◆ **Problem to solve**:
Return all of the data exactly as given.

+ + +

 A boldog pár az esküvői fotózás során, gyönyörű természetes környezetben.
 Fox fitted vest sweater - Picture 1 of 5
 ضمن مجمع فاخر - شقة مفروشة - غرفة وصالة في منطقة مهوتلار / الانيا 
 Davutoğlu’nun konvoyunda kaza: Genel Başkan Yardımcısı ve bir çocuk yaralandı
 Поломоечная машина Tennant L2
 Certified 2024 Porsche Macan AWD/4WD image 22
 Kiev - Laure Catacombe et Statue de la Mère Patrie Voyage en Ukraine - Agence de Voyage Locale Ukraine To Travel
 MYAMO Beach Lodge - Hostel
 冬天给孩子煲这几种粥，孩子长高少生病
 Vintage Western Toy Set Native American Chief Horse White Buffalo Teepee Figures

+ + +

◆ **Response to this exercise**:
 A boldog pár az esküvői fotózás során, gyönyörű természetes környezetben.
 Fox fitted vest sweater - Picture 1 of 5
 ضمن مجمع فاخر - شقة مفروشة - غرفة وصالة في منطقة مهوتلار / الانيا 
 Davutoğlu’nun konvoyunda kaza: Genel Başkan Yardımcısı ve bir çocuk yaralandı
 Поломоечная машина Tennant L2
 Certified 2024 Porsche Macan AWD/4WD image 22
 Kiev - Laure Catacombe et Statue de la Mère Patrie Voyage en Ukraine - Agence de Voyage Locale Ukraine To Travel
 MYAMO Beach Lodge - Hostel
 冬天给孩子煲这几种粥，孩子长高少生病
 Vintage Western Toy Set Native American Chief Horse White Buffalo Teepee Figures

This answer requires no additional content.